-- Opening Marker --

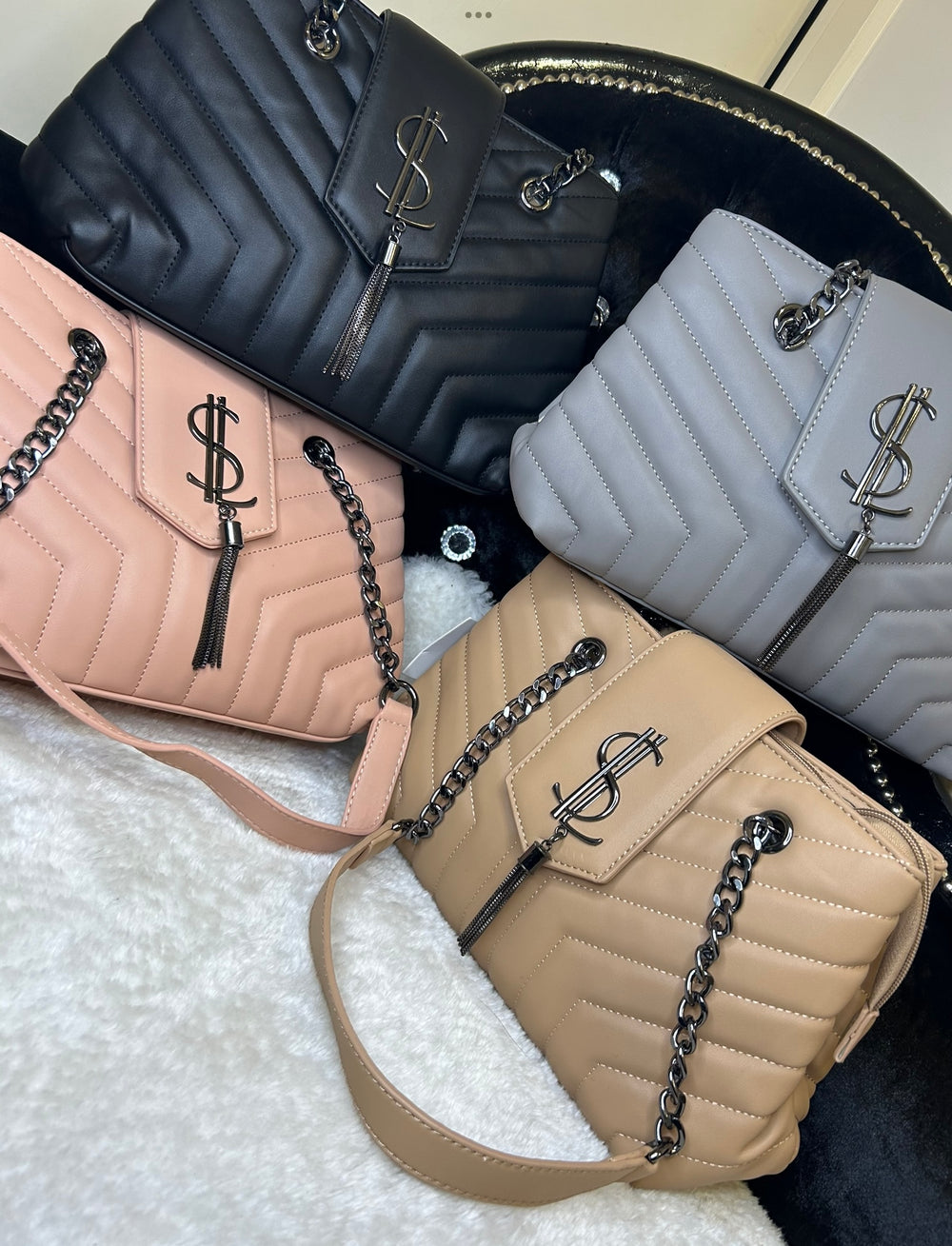 A collection of quilted medium sized handbags with chain detail in black, grey, pink, and beige colours.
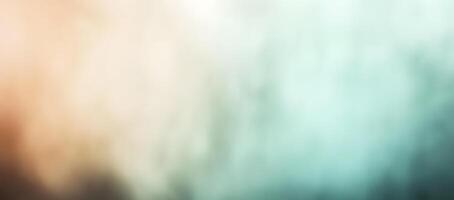 An abstract background displays a smooth gradient from peach to teal, creating a soft effect photo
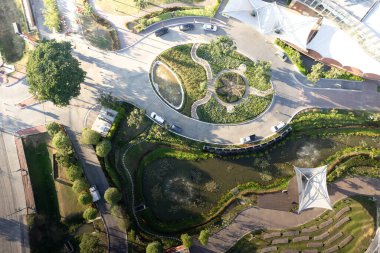 Garden, park in aerial view or top view. Green zone in city with beautiful landscape consist of plant, tree, water in lake or pond, roundabout or road for travel, parking, U-turn and decoration place.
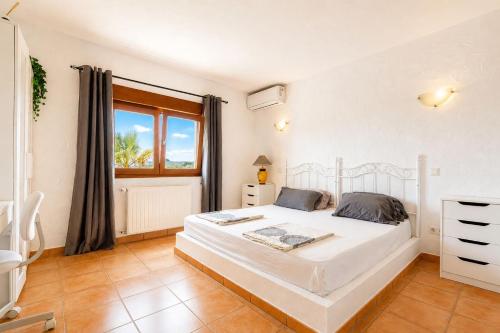 a bedroom with a white bed and a window at Cozy vacation home in Alfaz del Pi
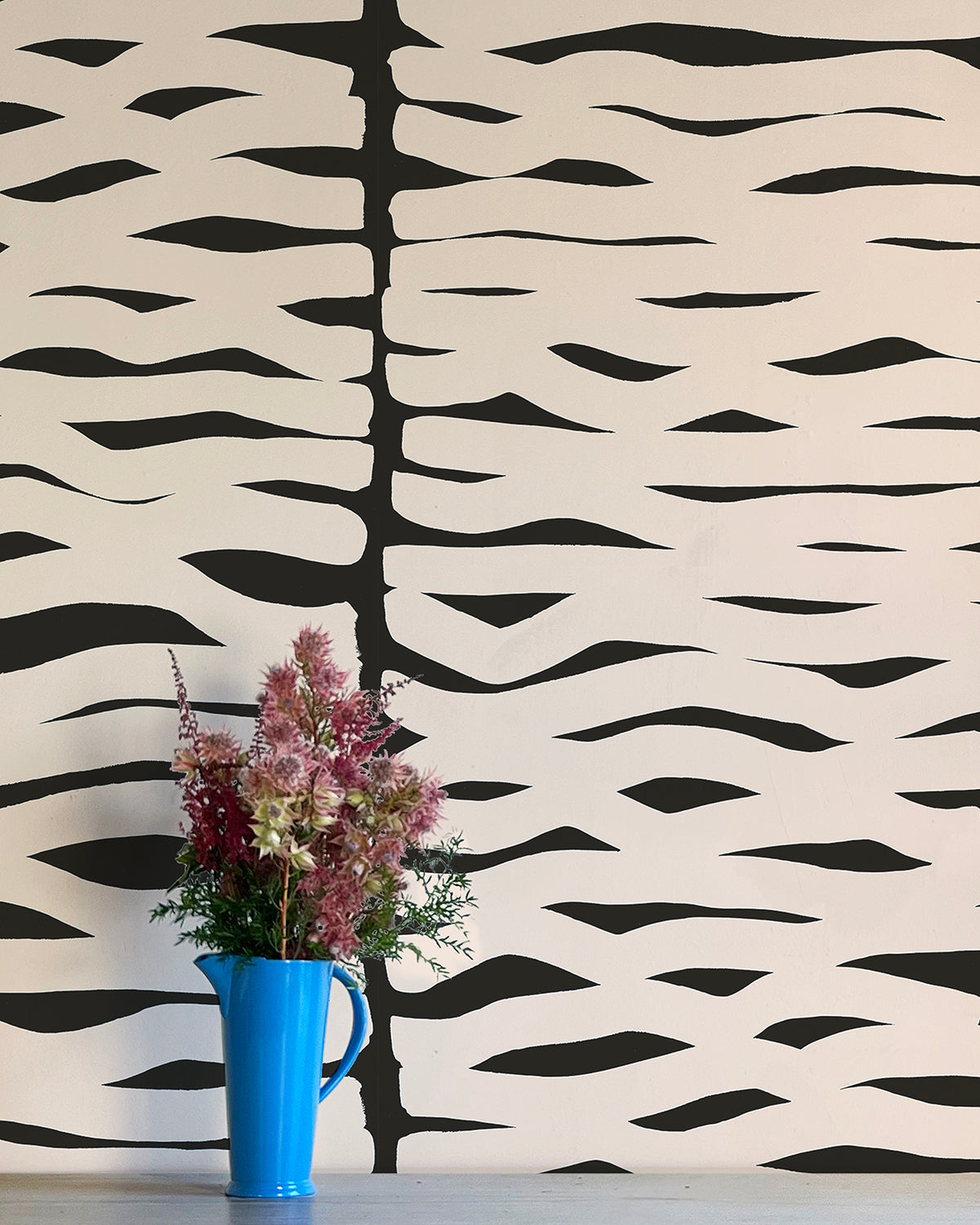 A vase of flowers stands in front of a wall papered in an abstract zigzag pattern in cream on a black field.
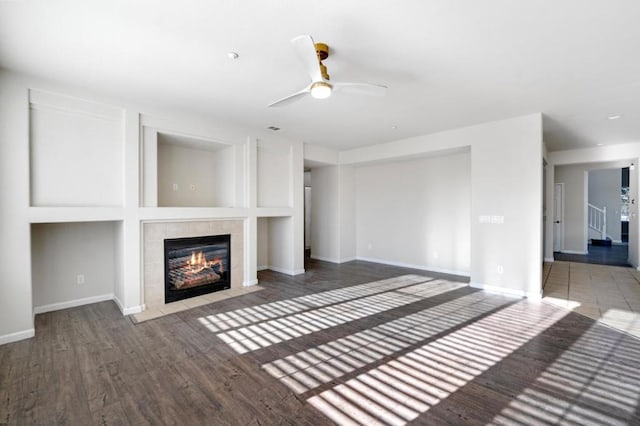 unfurnished living room featuring ceiling fan, built in features, wood-type flooring, and a tile fireplace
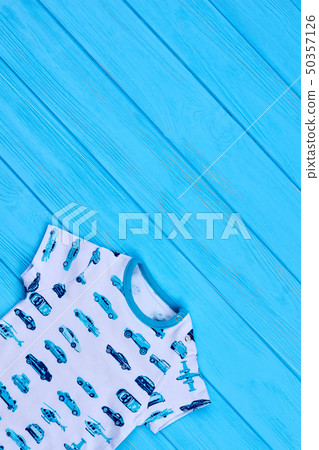 Top view of modern baby boy romper. Top view of modern baby boy romper. 50357126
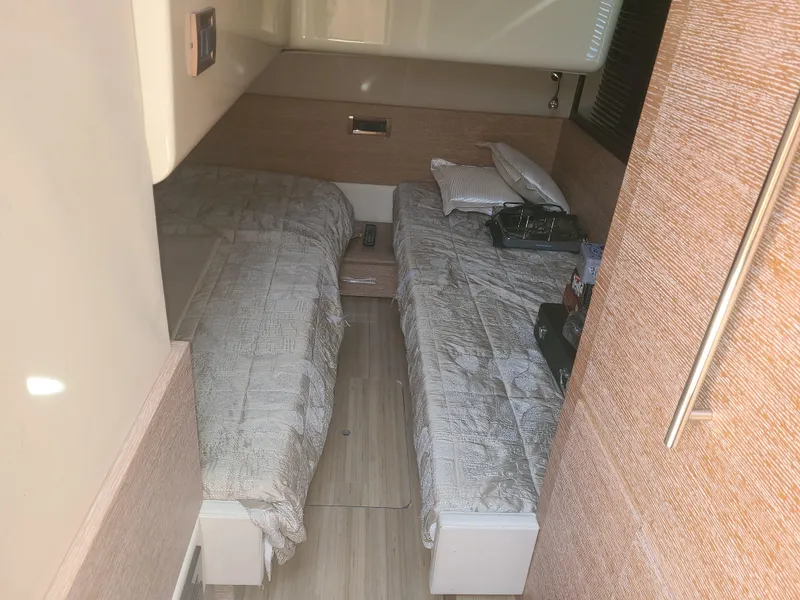 Slide: The Image of The 2011 Azimut 47 cabin features two single beds with neutral bedding. - 50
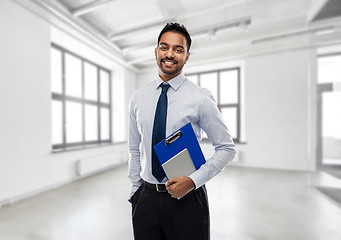 Image showing indian businessman or realtor in empty office room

-- Closing Marker --

▶ [WHAT THE TASK REQUIRES] Only the lines from the first line of the entries through the line containing "An abstract background" should be output, exactly as they are, without pictures.

▶ [SOLUTION TO THIS PROBLEM]
 A collection of quilted medium sized handbags with chain detail in black, grey, pink, and beige colours.
 An abstract background displays a smooth gradient from peach to teal, creating a soft effect photo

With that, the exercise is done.